Vicky est partagée entre deux hommes, Hao-Hao et Jack. Le soir elle s'occupe des relations publiques d'une boîte de nuit pour les aider tous deux. Elle ne supporte bientôt plus Hao-Hao qui la surveille en permanence, vérifiant ses factures de téléphone et les messages qu'elle reçoit. Elle décide de s'enfuir. Pendant ce temps-là, Jack investit dans différentes affaires plus ou moins louches, et Vicky se réfugie chez lui. Une relation plus intime pourrait s'instaurer, mais Jack doit partir...

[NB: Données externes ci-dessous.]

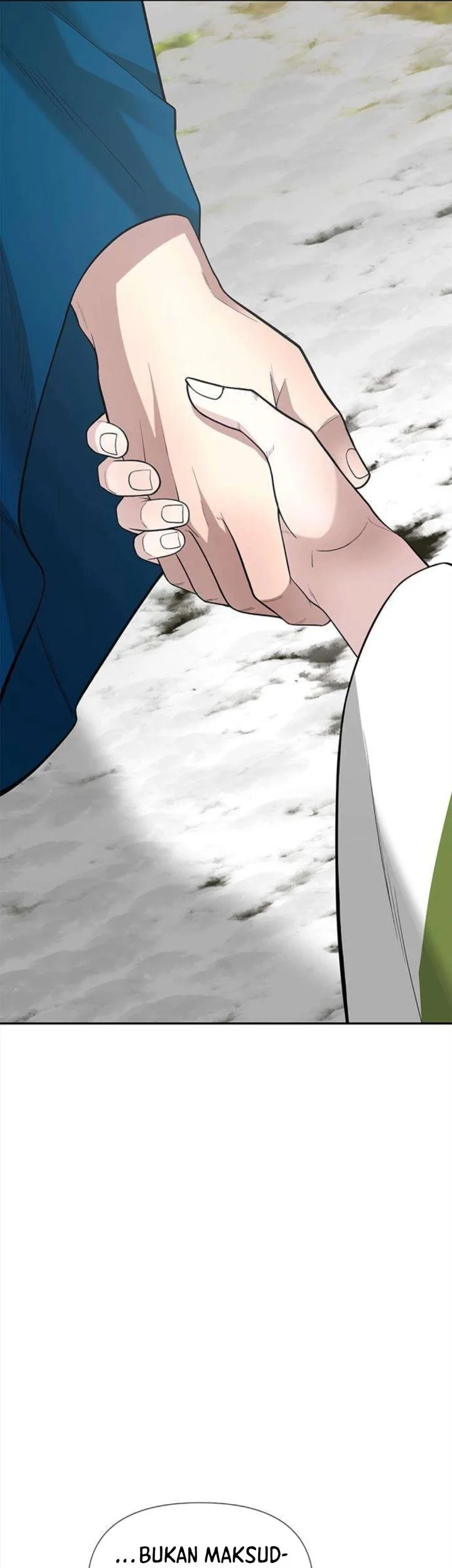 The God of Improvisation Chapter 33 Gambar 49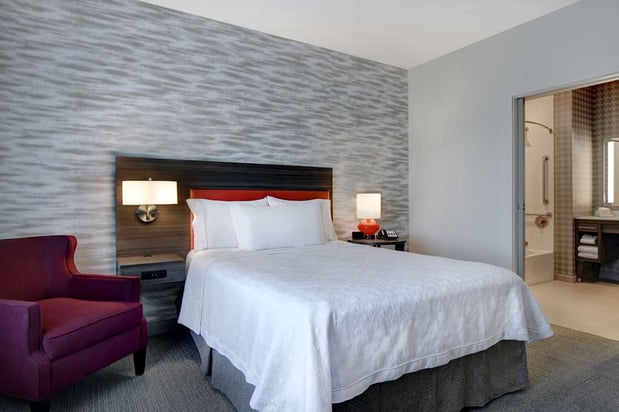 Images Home2 Suites by Hilton North Plano Hwy 75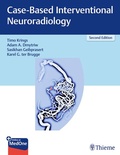 Abbildung von: Case-Based Interventional Neuroradiology - Thieme Publishers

Abandonnant les films d'époque - LE MAÎTRE DE MARIONNETTES (1993), LES FLEURS DE SHANGAI (1998) - Hou Hsiao Hsien nous donne à découvrir une chronique, longue et désenchantée, sur la vie du couple, sur la réalité sociale de la vie à Taipei et sur le malaise d'une jeunesse en mal de repères. Les trois protagonistes principaux du film sont en effet embarqués dans un mouvement perpétuel de sensations et de sentiments nouveaux, mais qui se révèlent totalement vides. Et Taipei semble être une ville sans mémoire, qui n'a pas gardé les traces de son passé et qui vit uniquement dans l'instant. Techno, cigarettes, drogue et alcool accompagnent la vie de Vicky, personnage à la fois émouvant et perdu, superficiel et profondément agaçant, pour qui le monde se réduit à un bar et une chambre. Petit papillon de nuit, l'héroïne du film se brûle les ailes dans toutes les boîtes nocturnes où elle traîne.

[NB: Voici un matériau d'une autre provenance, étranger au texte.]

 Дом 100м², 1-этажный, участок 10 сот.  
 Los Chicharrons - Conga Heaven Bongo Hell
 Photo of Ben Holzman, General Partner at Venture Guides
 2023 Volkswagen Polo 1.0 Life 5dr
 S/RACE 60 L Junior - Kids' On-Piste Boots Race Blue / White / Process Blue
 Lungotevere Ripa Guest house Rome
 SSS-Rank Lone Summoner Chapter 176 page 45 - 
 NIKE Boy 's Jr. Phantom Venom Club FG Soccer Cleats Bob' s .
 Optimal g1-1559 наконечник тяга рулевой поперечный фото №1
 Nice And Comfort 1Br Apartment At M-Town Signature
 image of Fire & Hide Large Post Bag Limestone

Huis clos coupé de toute lumière naturelle, MILLENNIUM MAMBO est une œuvre radicalement pessimiste, une description d'un monde anesthésié, sans désir et sans espoir. Hou Hsiao Hsien glisse pourtant une petite allusion qui permet de sortir, un tant soit peu, de ce cercle infernal: le film s'ouvre en effet sur un plan de Vicky qui parle d'elle en disant: ""C'était il y a dix ans, en 2001""... Le film semble donc s'inscrire dans un passé déjà révolu (dont le cinéaste va rechercher les traces) et le spectateur peut en déduire que Vicky, en 2011, a survécu et échappé aux menaces de dérive qui planaient sur elle dix ans plus tôt. Mais c'est tout...

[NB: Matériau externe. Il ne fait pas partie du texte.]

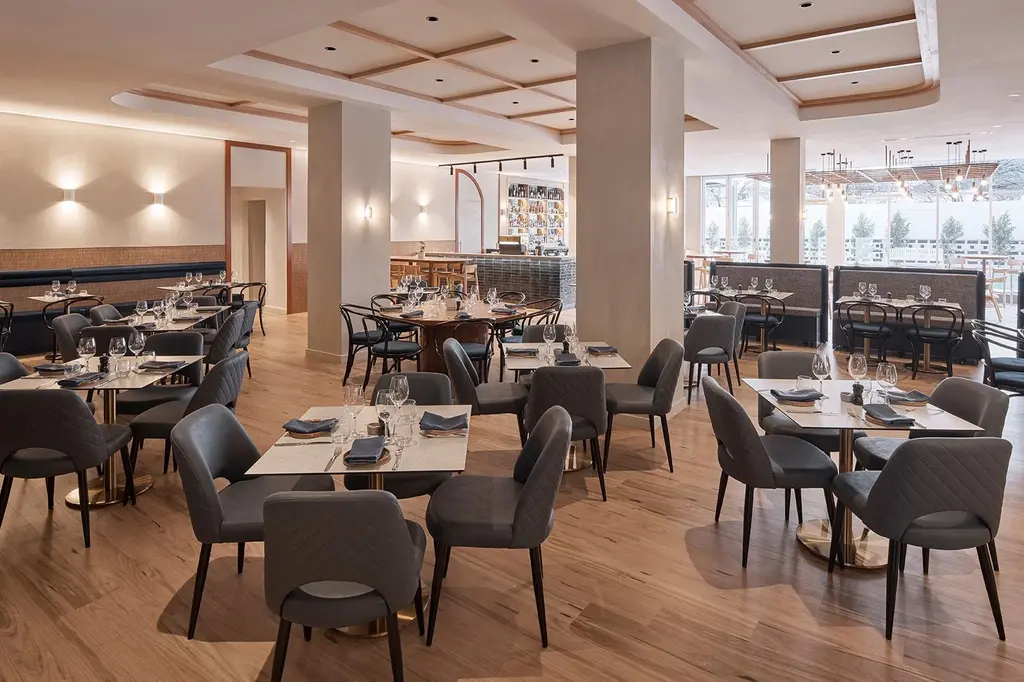 Hotel Alba Adelaide image 14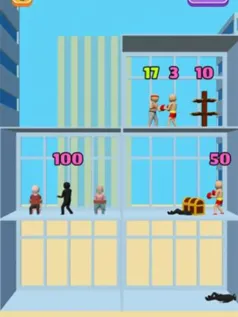 塔楼战斗战争手机游戏[Android][v1.0.2]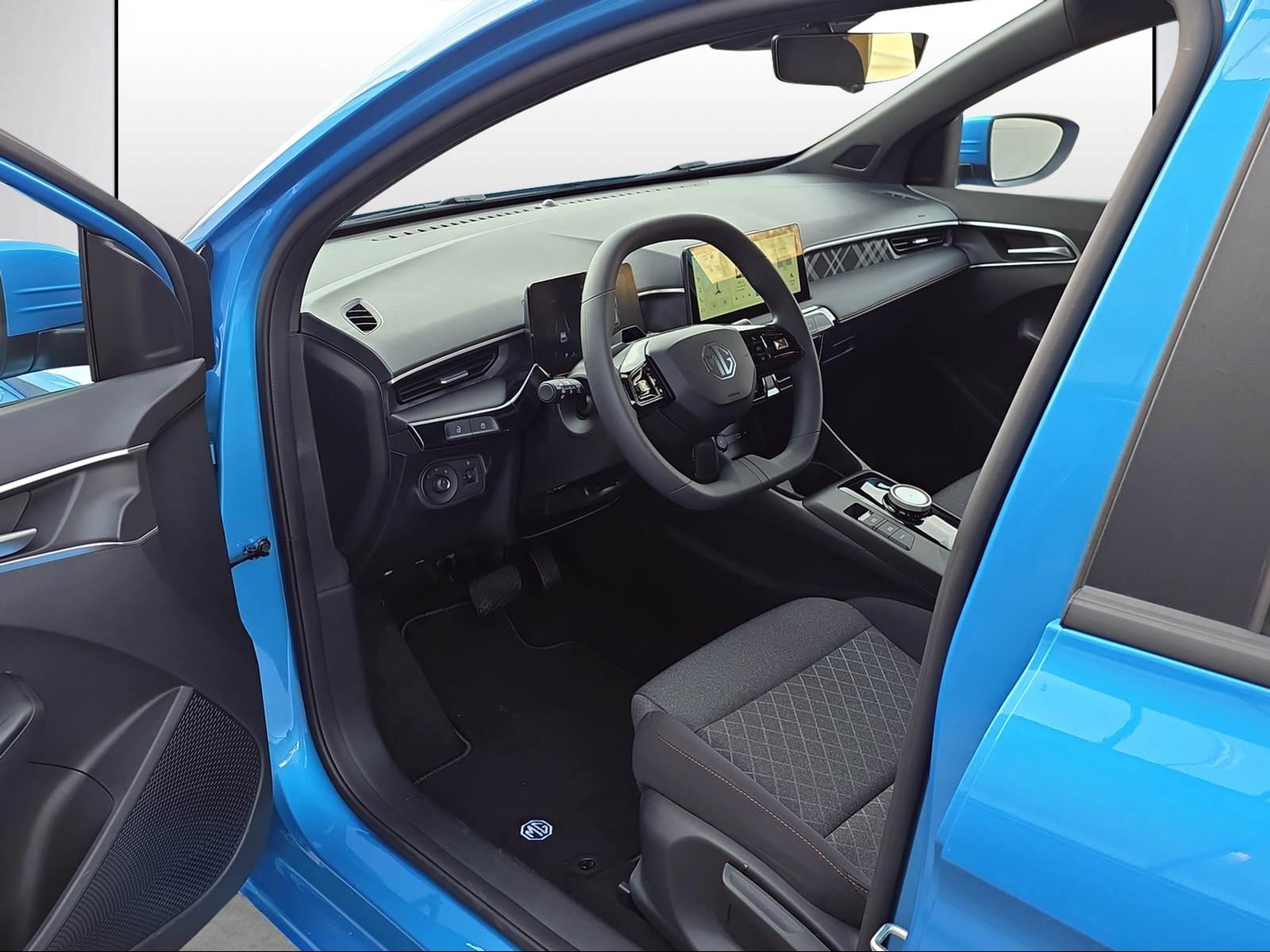 MG 3 1.5 Hybrid Standard-image-5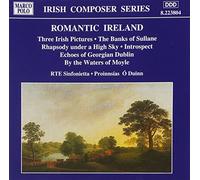 Romantic Ireland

A signaler, dans ce film assez désespéré, une qualité d'écriture cinématographique très particulière, faite d'images finement ciselées, de cadrages dont la précision touche à la perfection, et une utilisation remarquable, à travers de très beaux et longs plans-séquences (il n'y en a que 70 pour un film de deux heures!), de la profondeur de champ de chaque plan. C'est par cette architecture subtile, souvent envoûtante et laissant place à l'émotion, que le cinéaste taiwanais tente une nouvelle opération de séduction. Mais il n'est pas sûr qu'il y parvienne: on peut en effet ne pas aimer un tel cinéma, qui se situe aux antipodes des films saturés d'effets, survoltés et bâtis à l'esbroufe. Film lent et long, MILLENNIUM MAMBO n'est donc pas à conseiller à un spectateur pressé qui cherche à tout prix la surprise et l'imprévu... Le cinéma de Hou Hsiao Hsien se découvre comme une œuvre picturale. Il doit se lire au rythme naturel du temps.

Vicky raconte ainsi ce que fut sa vie en 2001 (le nouveau ""millennium""). A la fin du film elle se retrouve seule avec son portable, dernier lien avec un monde qui semble devoir disparaître. Dehors il neige comme sur un écran de télévision lorsque toutes les émissions sont finies...





Hou Hsiao Hsien



A 54 ans Hou Hsiao Hsien reste l'un des cinéastes les plus importants du cinéma taiwanais, dont il a été le chef de file. Dans ses premiers films le cinéaste évoque son enfance, le passage à l'âge adulte et les relations entre générations. Avec LA CITE DES DOULEURS (1989), LE MAÎTRE DE MARIONNETTES (1993) et GOOD MEN, GOOD WOMEN (1995), Hou Hsiao Hsien parle de l'histoire de la Chine, depuis l'occupation japonaise jusqu'aux années qui suivent la fin de la deuxième guerre mondiale. Dès GOODBYE SOUTH, GOODBYE (1996), il s'attache à décrire la jeunesse taiwanaise actuelle, à la recherche de nouveaux points de repère."